It starts every 15min from cron. Back in 2015 it took only a minute or two to complete, even if it was down for an hour and all files were in need of refreshing SVGs it wouldn't take more than 5min.
Now, three major things have changed:
- More traffic overall.
- Switched from HHVM/Xenon to PHP7/Excimer, during which we decided to significant shorten the sampling interval (about 10X more data now).
- Parsoid/JS was ported to Parsoid/PHP and the new /w/rest.php entry point from the wtp* servers receive quite a significant amount of traffic (about 7-10% overall in total).
All that adds up to the .log files being much larger to begin with and thus take longer to process.

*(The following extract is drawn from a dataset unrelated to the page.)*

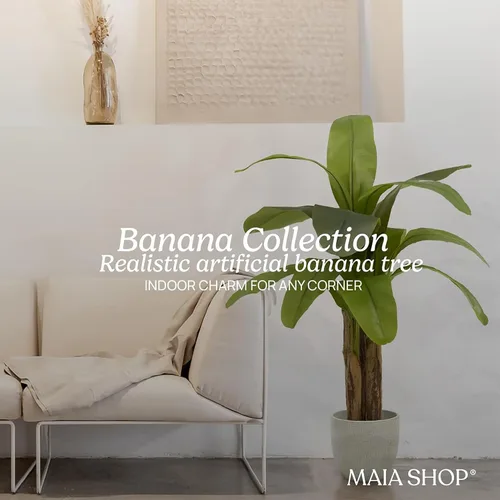 Vista 6 de Maia Shop - Árbol de plátano artificial, 4 pies, maceta negra incluida Banana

[17:00 UTC] krinkle at webperf1002.eqiad.wmnet in /srv/xenon/svgs/daily $ ps aux | grep generate xenon 15805 0.0 0.0 4276 712 ? Ss 16:45 0:00 /bin/sh -c /usr/local/bin/arclamp-generate-svgs > /dev/null xenon 15807 0.6 0.0 14176 6108 ? S 16:45 0:06 /bin/bash /usr/local/bin/arclamp-generate-svgs krinkle 18146 0.0 0.0 12780 980 pts/0 S+ 17:01 0:00 grep --color=auto generate xenon 27138 0.0 0.0 4276 720 ? Ss 17:00 0:00 /bin/sh -c /usr/local/bin/arclamp-generate-svgs > /dev/null xenon 27139 1.1 0.0 14168 5948 ? S 17:00 0:00 /bin/bash /usr/local/bin/arclamp-generate-svgs
Here you can see that a second cron started at 17:00 while the previous was still running.
By itself this doesn't conflict per se, given that we check the mtime within the loop (not outside) and it merely means we get parallel processing, which isn't bad per se.
Although 1) it makes it harder to predict how it behaves given we don't control the concurrency explicitly, and 2) I believe the script has a small potential for both to be chrunching the same log file, which we should avoid at the very least.